- Records shown -
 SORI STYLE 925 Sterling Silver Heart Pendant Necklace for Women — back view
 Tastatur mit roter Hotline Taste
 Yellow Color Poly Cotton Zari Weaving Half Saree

==

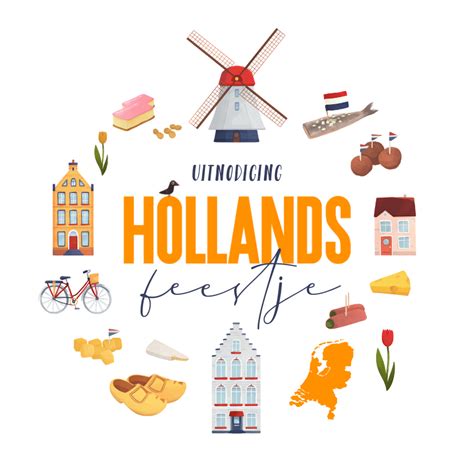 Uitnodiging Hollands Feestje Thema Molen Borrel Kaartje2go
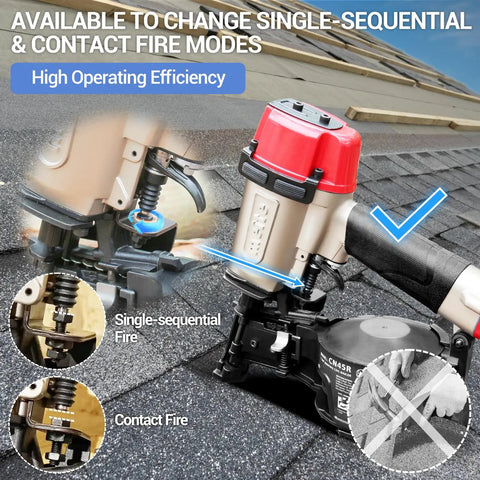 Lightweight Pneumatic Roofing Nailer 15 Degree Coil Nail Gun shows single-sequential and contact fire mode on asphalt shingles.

* * *

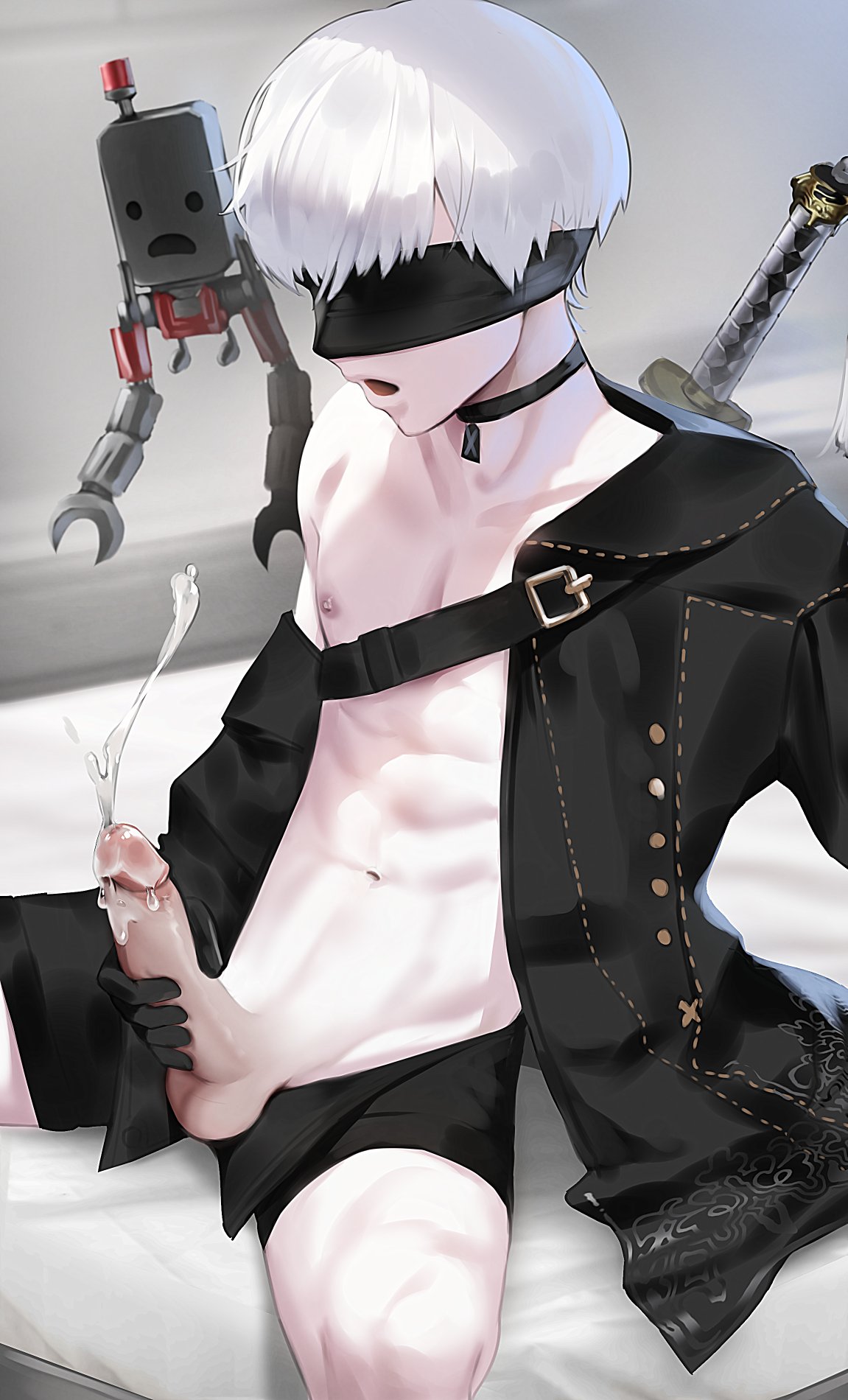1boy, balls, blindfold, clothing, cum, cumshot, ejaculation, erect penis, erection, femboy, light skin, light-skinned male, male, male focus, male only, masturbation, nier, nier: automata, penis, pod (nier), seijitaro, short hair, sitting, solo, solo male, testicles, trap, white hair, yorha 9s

- What is expected -
Nothing but the lines from the one containing "Uitnodiging Hollands Feestje" through the one containing "Lightweight Pneumatic Roofing" should appear, copied exactly from the material above and without pictures.

- Your response -
 Uitnodiging Hollands Feestje Thema Molen Borrel Kaartje2go
 Lightweight Pneumatic Roofing Nailer 15 Degree Coil Nail Gun shows single-sequential and contact fire mode on asphalt shingles.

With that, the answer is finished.